Como era de prever, Smith rejeita com todas as forças a hipótese niilista, que funde com a hipótese pessimista. Certamente por conveniência para com o libertarismo à là americana, que professa. O libertário made in América é por natureza exclusivamente autocentrado, o homem é levado a crer em si próprio e, sem contar com ninguém, a caminhar para a sua, por assim dizer, emancipação. Percurso virtual, pois, que nas palavras de Smith desagua na extravagância da felicidade. Excessos de um idealismo proto religioso; um aborrecimento para ateus. É de capitalismo que falamos, pois claro!

O caminho mistura, então, a responsabilidade pessoal (com a qual qualquer racionalista concordará) e a busca da felicidade. Todavia (o maior mas que se possa conceber) o mundo é irregularidade, acidente, ou, pelo menos, contem uma fortíssima probabilidade de acidente. O Universo não se preocupa com ninguém, crianças morrem aos milhares todos os dias, a morte é um acto solitário (já dizia Bradbury, e nada é mais óbvio), ineludível. Temos de partilhar espaço com uma espécie que não hesita em ser hostil, e por muito que nos distanciemos não podemos escapar, pois fazemos parte dela. O Universo, já que o mencionámos, qualquer coisa como 99,99999999999999999999999(…)% de vácuo a 270 graus negativos, e a maior parte do restante, a substância material galáctica (estelar ou planetária), ou ainda demasiado fria, ou excessivamente quente (de resto, a maior parte); uma força que o mais das vezes esmaga tudo o que se encontra nas suas cercanias sem dó nem piedade – chamam-lhe gravidade, o que, pelo menos na nossa língua, diz quase tudo.

Quer dizer, a responsabilidade pessoal choca com um meio frágil, quando não adverso, e circunstâncias que o mais das vezes podem ir da dificuldade à catástrofe.

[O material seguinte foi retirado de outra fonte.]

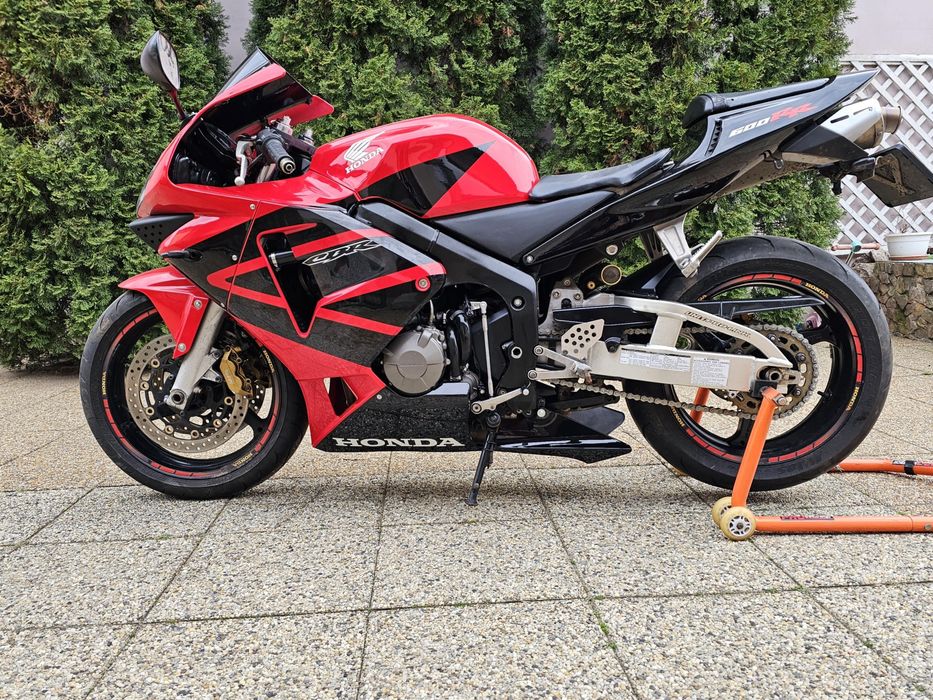Vand Honda cbr600rr pc37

Ao libertário à là americana faltar-lhe-á compaixão pelo sofrimento alheio, e por essa razão pode fugir para a ideia da felicidade, só sua – porque a sonha. Ser ateu é, ainda assim, ser ateu num dado contexto.

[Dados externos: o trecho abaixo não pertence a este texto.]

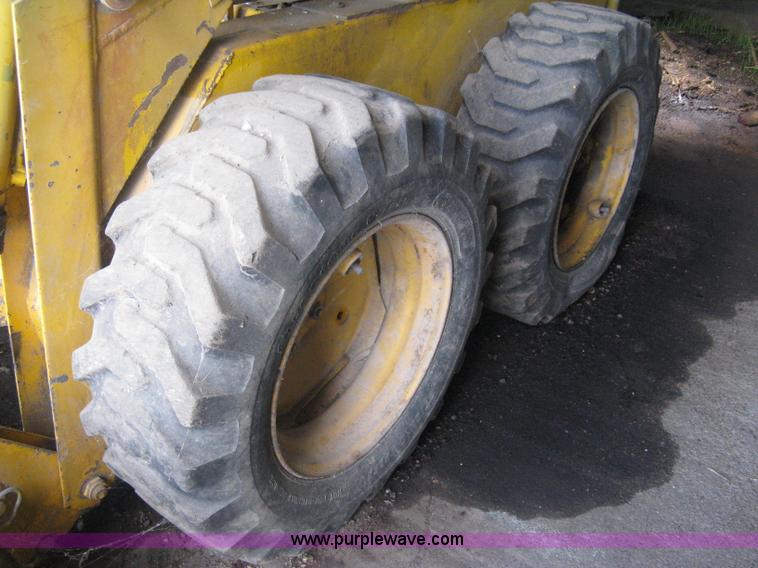 image for item E3453 1978 Ford CL40 skid steer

Mas escapar é, no máximo, resvalar pela verdade. O ateu, se se faz ateu por via de uma busca racional pela verdade, não importa qual nem em que termos – sabendo que é trajecto com inúmeros obstáculos, e que algum não conseguirá transpor –, não pode deixar de observar a débil mecânica da existência. Caminho que percorre inserido num certo contexto, nem sempre como quer, mas com a certeza de que não se pode retirar a meio. Antevistas então as hipóteses, só lhe resta a filosofia pessimista. E uma vez na posse desse conhecimento, pode ou não aceitar a responsabilidade; caso a aceite, tanto melhor, fará por si e pelos outros o que lhe for possível, encontrará o sentido da sua vida (a satisfação é outra coisa) … O ateísmo conduz ao pessimismo, mas este não leva forçosamente ao niilismo.